I'm working with a piece of bluetooth hardware and I am using its protocol to send it commands. The protocol requires packets to be sent with LSB first for each packet field.
I was getting error packets back to me indicating my CRC values were wrong so I did some investigating. I found the problem, but I became confused in the process.
Here is Some GDB output and other information elucidating my confusion.
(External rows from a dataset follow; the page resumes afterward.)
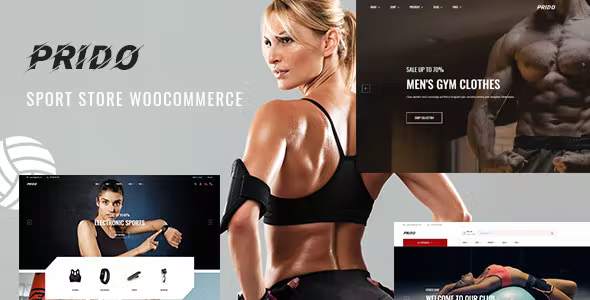 Prido Sport Store WooCommerce Theme Prido Sport Store WooCommerce Theme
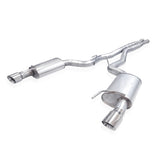 Stainless Works 2024 Mustang GT Catback Dual Tips Redline Sound X-Pipe Factory Connect Exhaust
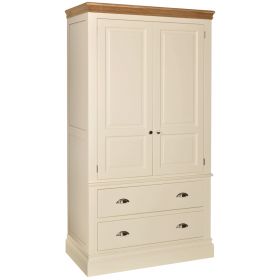 Lundy Painted Double Wardrobe With Drawers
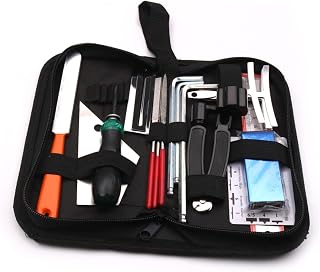 1set Guitar Repairing Maintenance Cleaning Tool Kit String Organizer and Measuring Gauge Essential Accessories for Guitar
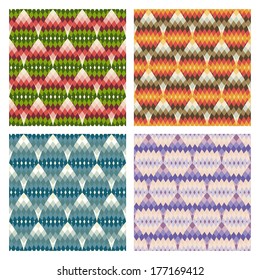 geometric multicolor seamless pattern - vector illustration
I'm sending a packet that should look like this:
|Start Flag| Packet Num | Command | Payload | CRC | End Flag|
0xfc 0x1 0x0 0x8 0x0 0x5 0x59 0x42 0xfd
Here is some GDB output:
print /x reqId_ep
$1 = {start_flag = 0xfc, data = {packet_num = 0x1, command = {0x0, 0x8}, payload = {
0x0, 0x5}}, crc = 0x5942, end_flag = 0xfd}
reqId_ep is the variable name of the packet I'm sending. It looks all good there, but I am receiving the CRC error codes from it so something must be wrong.
Here I examine 9 bytes in hex starting from the address of my packet to send:
x/9bx 0x7fffffffdee0
0xfc 0x01 0x00 0x08 0x00 0x05 0x42 0x59 0xfd
And here the problem becomes apparent. The CRC is not LSB first. (0x42 0x59)
To fix my problem I removed the htons() that I set my CRC value equal with.
And here is the same output above without htons():
p/x reqId_ep
$1 = {start_flag = 0xfc, data = {packet_num = 0x1, command = {0x0, 0x8}, payload = {
0x0, 0x5}}, crc = 0x4259, end_flag = 0xfd}
Here the CRC value is not LSB.
But then:
x/9bx 0x7fffffffdee0
0xfc 0x01 0x00 0x08 0x00 0x05 0x59 0x42 0xfd
Here the CRC value is LSB first.
So apparently the storing of C is LSB first? Can someone please cast a light of knowledge upon me for this situation? Thank you kindly.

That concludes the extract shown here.